**Requirement**
Everything in the data must be repeated exactly, apart from the pictures, which are left out.

**Given information**
++++++++

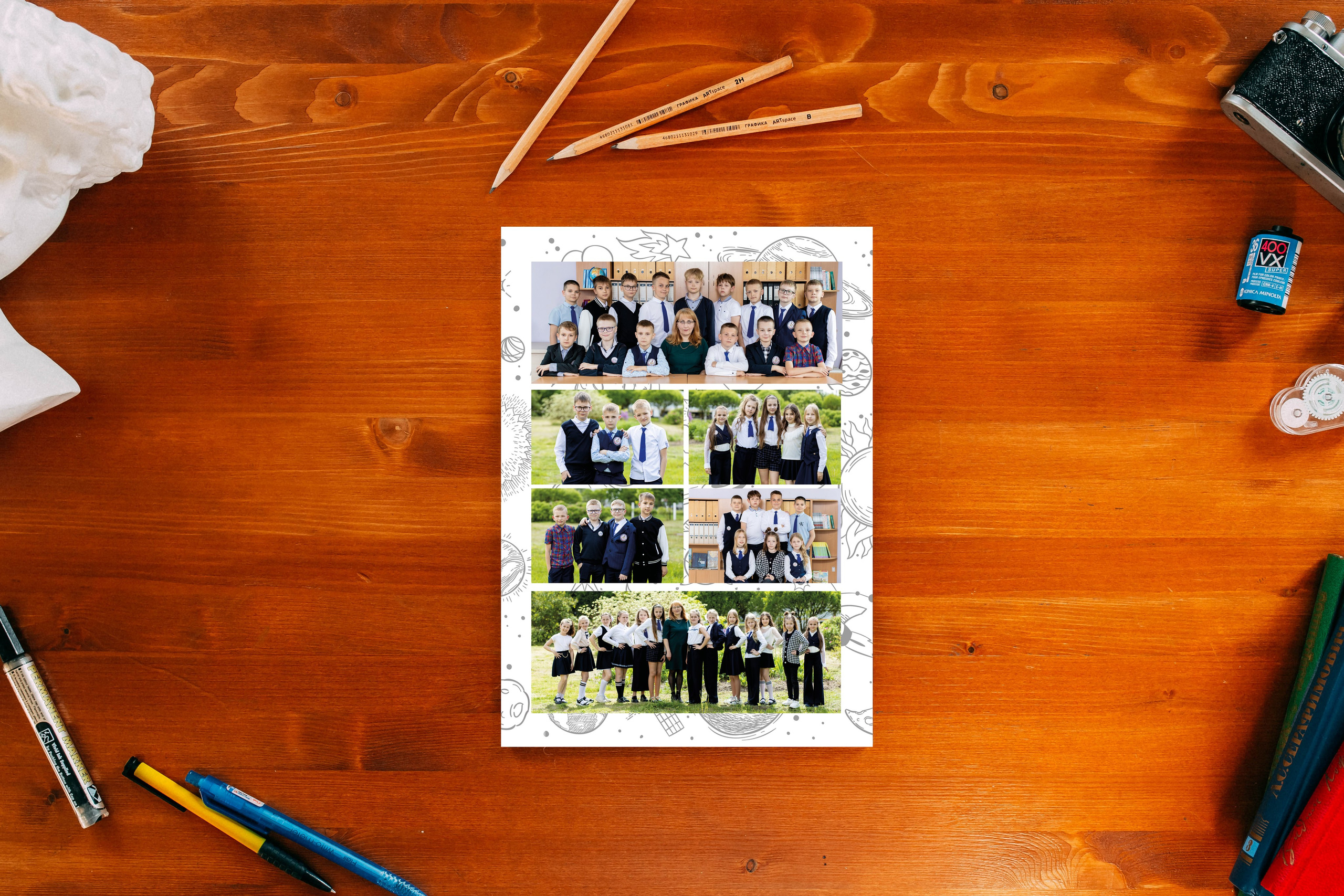 Планшет Космос. Выпускные альбомы Беларусь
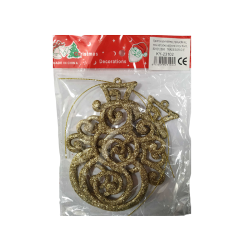 Σετ Χριστουγεννιάτικα στολίδια - 13cm - 2pcs - 231024 Σετ Χριστουγεννιάτικα στολίδια - 13cm - 2pcs - 231024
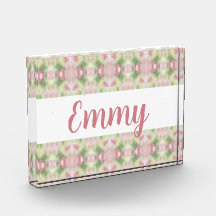 Emmy Print Decoratief Acryl Blok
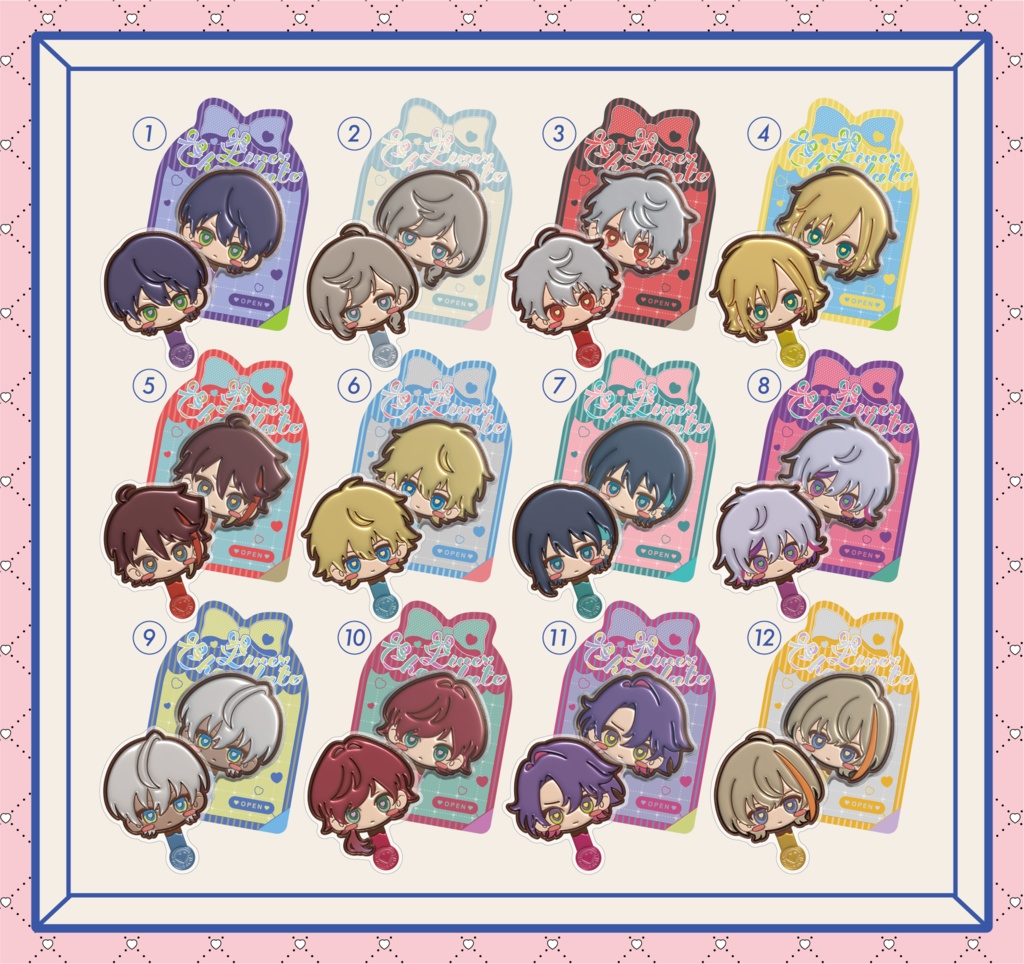 チョコ風ステッカーセット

++++++++

**Expected output**
 Планшет Космос. Выпускные альбомы Беларусь
 Σετ Χριστουγεννιάτικα στολίδια - 13cm - 2pcs - 231024 Σετ Χριστουγεννιάτικα στολίδια - 13cm - 2pcs - 231024
 Emmy Print Decoratief Acryl Blok
 チョコ風ステッカーセット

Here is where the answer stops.